- Required work -
Every line from the one with "Gannet Colony 04.jpg" through the last line below should be repeated exactly; pictures stay out of the copy.

== Source data ==

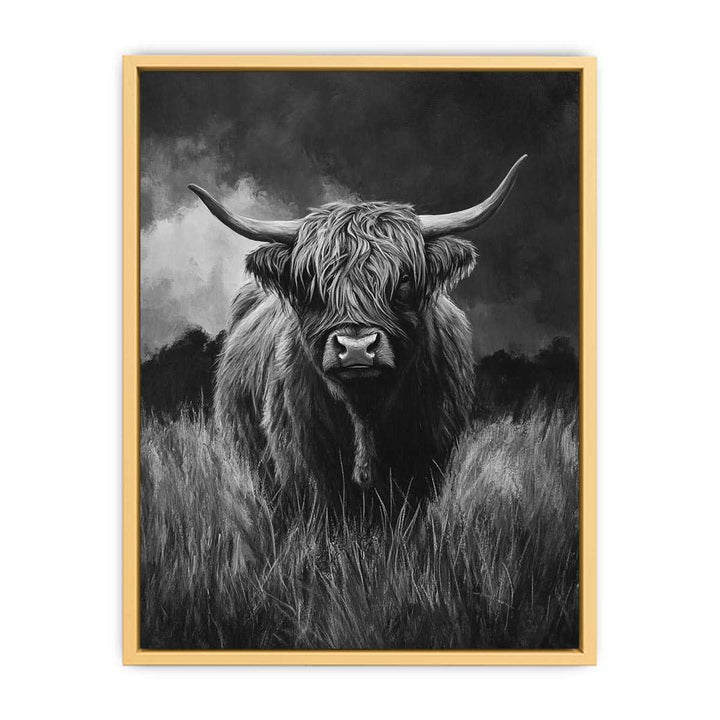  Highlind Cow In Black And White Canvas Painting 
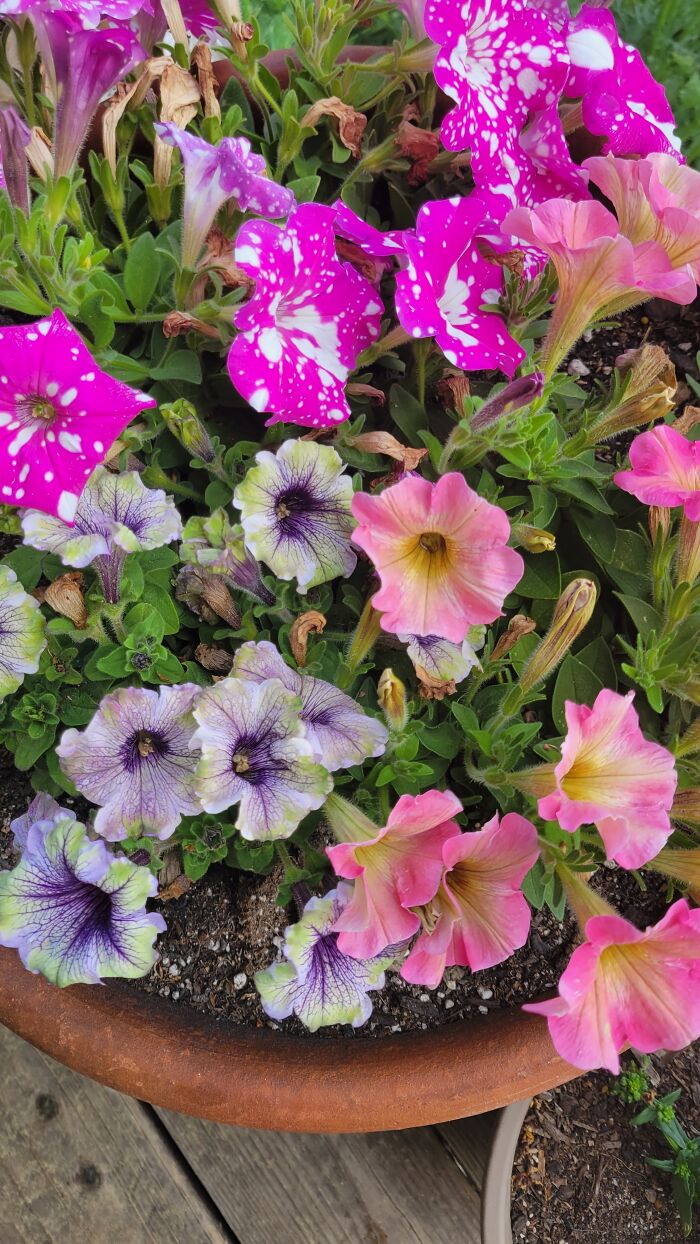 Hey Pandas, Show Us A Photo Of A Flower In Your Garden (Closed) Hey Pandas, Show Us A Photo Of A Flower In Your Garden (Closed)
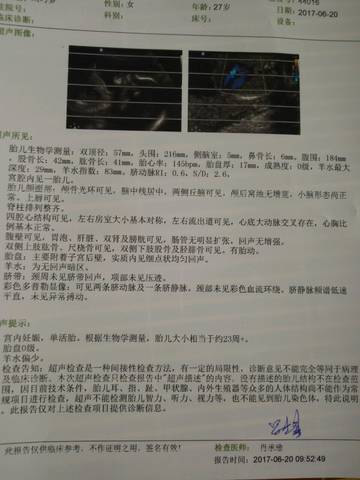 journal_insert_pic_772663634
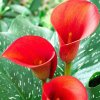 Kala 'Zantedeschia Red'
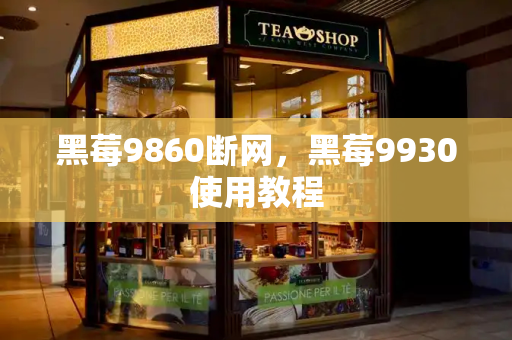 黑莓9860断网，黑莓9930使用教程-第1张图片-星选测评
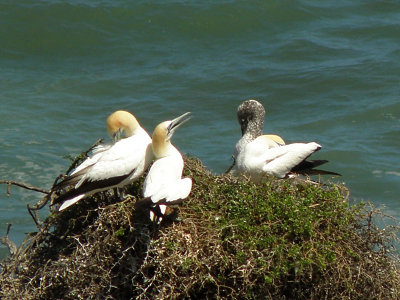 Gannet Colony 04.jpg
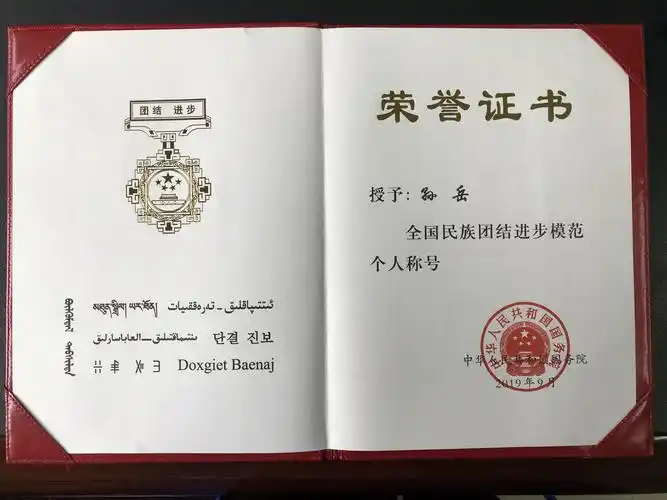 孙岳 民族进步先进个人奖牌(正面).jpg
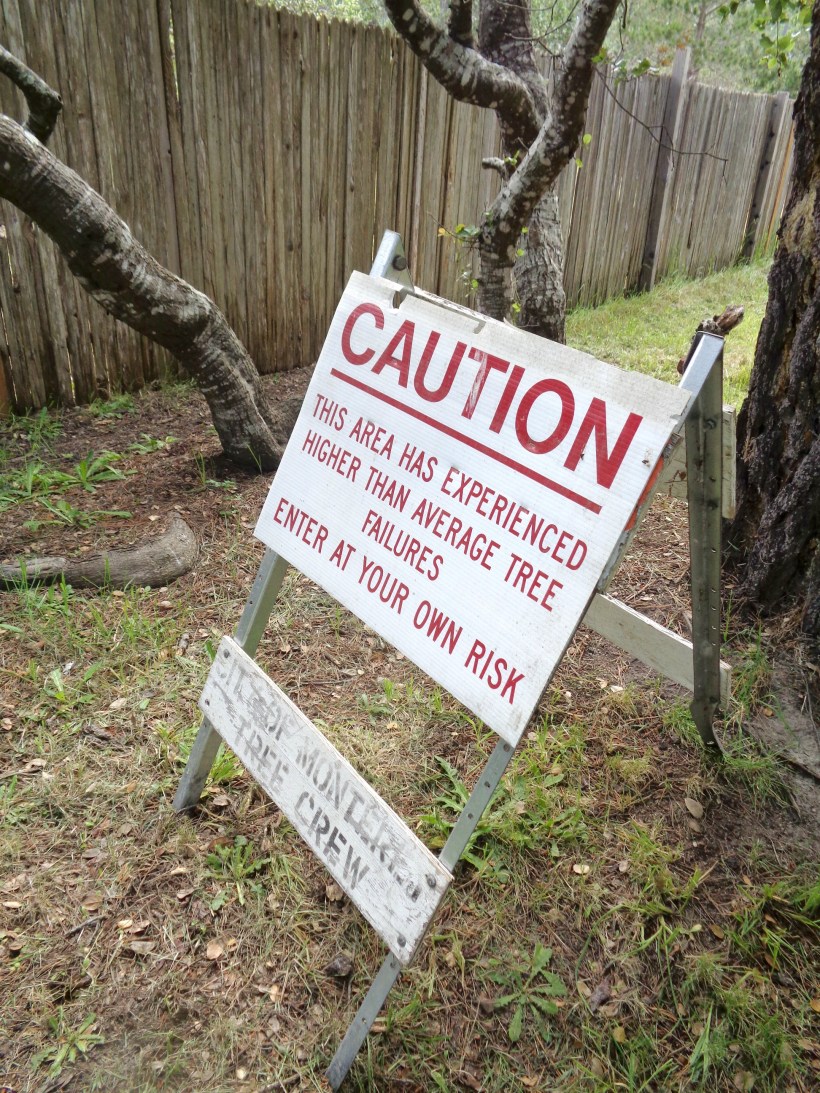 failed trees.jpg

===

- Reply -
 Gannet Colony 04.jpg
 孙岳 民族进步先进个人奖牌(正面).jpg
 failed trees.jpg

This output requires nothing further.